Leaders of local unions that represent workers in the Trade Show and Convention Centers Division discussed the influence of automation and the importance of training and preparing workers for the changes coming in the industries.

“We need to start working technology into our contracts; that is the number one issue. With robots at check-in and more places, technology is really impacting these jobs,” said Tommy Blitsch, Secretary-Treasurer of Local 631 in Las Vegas.

Other meetings at Unity offered attendees the chance to discover that what they thought of as a regional problem unique to their local actually affected several locals across multiple regions, as was the case at the AWG (Associated Wholesale Grocers) meeting.

Issues related to hiring and turnover at an AWG facility in Kenosha, Wis. are not unique in that it is also occurring in Memphis and other locations. Due to AWG’s inability to hire, retain and properly train workers, current employees are facing long hours and grueling working conditions where quality control and timeliness are disregarded.

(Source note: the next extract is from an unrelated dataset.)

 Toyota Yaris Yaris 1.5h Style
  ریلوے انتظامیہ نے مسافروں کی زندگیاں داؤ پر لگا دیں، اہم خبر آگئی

“Right now the biggest thing for our guys is the hours and long days, the quality of life, money and organizing the nonunion locations,” said Tom Bennett, President of Local 200.

At the Sysco meeting, which was standing room only, attendees shared horror stories that workers are experiencing every day. Workers face high levels of intimidation and threats of shutdowns when organizing takes place. At Sysco subsidiary FreshPoint, contract negotiations were dragging. But after workers approved a strike-authorization vote and threatened a strike, the company finally got serious and bargained a contract, which workers ratified.

“The company’s mistreatment drove us to the point where we weren’t going to accept it anymore, and we had support all across the country” said Joe Chung, a FreshPoint driver.